Do you really think your personal opinions in regard to abortion, or those of anybody else, should deprive others of their own personal freedom to live as they wish in a supposedly secular society?

Abortions should be covered by all healthcare insurance, much less IUDs and morning after pills.
 
You read the first sentence in my post, yes? It was right there. Being all, "Hello there Formy, I'm the first sentence."

More the contention was the last statement. "Much less IUDs and morning after pills." Abortions need not be surgical to be abortions. But then again, I usually have to remind myself that you often advocate killing the poor as positive development in the fight against crime. Which, I suppose, does make a bit of sense depending on what one's priorities are.
 
Not to sit here defending Hobby Lobby, because I'm not. But most birth control is still covered by Hobby Lobby, certainly everything from your point number 2 is. Also I see these figures of hundreds or thousands of dollars thrown around regularly but it doesn't make sense to me. My girlfriend gets hers for free from the county health department, and it's not like we live in some Liberal utopia area.
Again I haven't read the word for word decision as given by the court, but as I understand it it is incredibly narrow and likely won't significantly effect women negatively. Also it seems to have very little potentially for creating a 'slippery slope' hence I don't quite understand why so many people are crying wolf.
tl;dr: The decision is unfortunate, but not as unreasonable as people are saying. There is so much hyperbole and outright lies on my Facebook feed right now it's giving me a headache.

And I'll say one more time, we deserve this for putting healthcare in the hands of employers. Sing;e payer was, and is the only way to go.

Fair enough, I guess I was a bit reactionary but the argument that people (especially woman) should simply "avoid sex" absolutely sets me off in these kinds of debates, and of course single payer is the way to go but thank the Dem controlled congress in 2009 for getting bullied away from that option by the Republicans.
 
I'm of the opinion that if you are unable to perform a job due to religious objections or otherwise, you should not have signed up for that job to begin with, assuming that the thing you cannot do is a significant enough portion of the job you signed up to do.

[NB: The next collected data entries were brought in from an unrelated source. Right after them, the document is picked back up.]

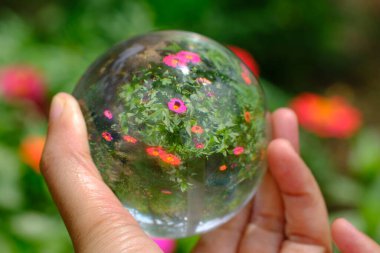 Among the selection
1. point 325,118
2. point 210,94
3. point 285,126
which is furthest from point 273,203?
point 325,118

So either do your job, or go find another one.
 
Fair enough, I guess I was a bit reactionary but the argument that people (especially woman) should simply "avoid sex" absolutely sets me off in these kinds of debates, and of course single payer is the way to go but thank the Dem controlled congress in 2009 for getting bullied away from that option by the Republicans.
Of course since it's a stupid argument. But it isn't one made by the Court, or even (to my knowledge) by any person of significance on the right. It's occasionally made by some junior state senator from southwest hickville or Rush Limbaugh, but not by anyone who matters. Which really makes it a colossal overused strawman, which is what gives me a headache.
I tend to think Liberal positions are strong enough to stand on their own without this embellishment.
 
Avoiding sex being such a boogieman. "Oh noes! The abstinent person passeth. Fear the night. It might be contagious." Certainly need to go after those evil souls even as we cover the vast majority of available contraceptive techniques.
 
Do you really think your personal opinions in regard to abortion, or those of anybody else, should deprive others of their own personal freedom to live as they wish in a supposedly secular society?

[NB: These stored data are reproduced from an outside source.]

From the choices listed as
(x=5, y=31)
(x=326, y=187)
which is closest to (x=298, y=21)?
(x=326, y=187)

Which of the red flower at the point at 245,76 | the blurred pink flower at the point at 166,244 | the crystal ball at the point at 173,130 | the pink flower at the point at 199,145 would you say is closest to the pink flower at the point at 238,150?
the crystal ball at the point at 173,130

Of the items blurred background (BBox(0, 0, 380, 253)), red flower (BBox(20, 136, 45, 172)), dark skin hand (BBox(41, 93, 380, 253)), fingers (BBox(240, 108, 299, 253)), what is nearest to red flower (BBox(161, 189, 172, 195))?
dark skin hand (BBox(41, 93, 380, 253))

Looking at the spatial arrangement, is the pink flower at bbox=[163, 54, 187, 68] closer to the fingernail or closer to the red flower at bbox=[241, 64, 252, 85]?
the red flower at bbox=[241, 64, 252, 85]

Abortions should be covered by all healthcare insurance, much less IUDs and morning after pills.

Why? It's elective. Why should anyone else be required to pay for it?

J
 
Why? It's elective. Why should anyone else be required to pay for it?

J

The same could be said for getting pregnant. Should employers be allowed to deny coverage for pregnancies because "it's elective"?
 
Why? It's elective. Why should anyone else be required to pay for it?

J

Because easy access to abortion drives down childcare costs that society has to pay in the form of welfare and other social support for single (or not so single) mothers.

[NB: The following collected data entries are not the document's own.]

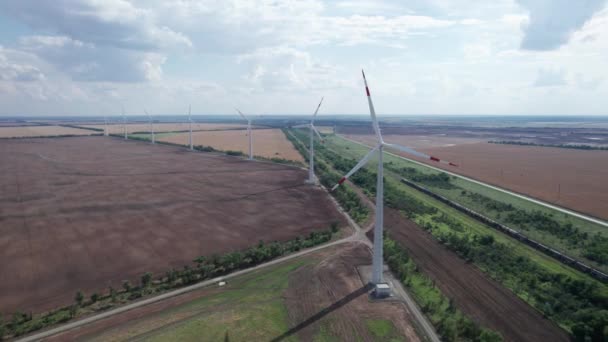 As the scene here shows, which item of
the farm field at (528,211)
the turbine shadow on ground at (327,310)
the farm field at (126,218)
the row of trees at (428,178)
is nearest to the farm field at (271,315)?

It's an investment, it means you have to pay less later.

You might as well ask "Why should anyone else be required to pay for the healthcare of others?", or "Why should anyone else be required to pay for the infrastructure that others use?" and so on.
 
Because easy access to abortion drives down childcare costs that society has to pay in the form of welfare and other social support for single (or not so single) mothers.

It's an investment, it means you have to pay less later.

When did you take up the xenophobic anti-immigration "social financial costs" logic? The numbers are probably wrong here too, as it is there. I'm legit surprised.
 
Yeah, I don't get that. Immigration is more likely to be defended on a basis of social costs, because healthy young immigrants help to balance out the financial burden of sick old locals.
 
Exactly? Education and social welfare investments in children pay off financially over the course. They pay off when immigrants come to work, they pay off when child rearing is the subject too, even when the demographics are of "less socially desirable" children.
 
Erm. K?
Because easy access to abortion drives down childcare costs that society has to pay in the form of welfare and other social support for single (or not so single) mothers.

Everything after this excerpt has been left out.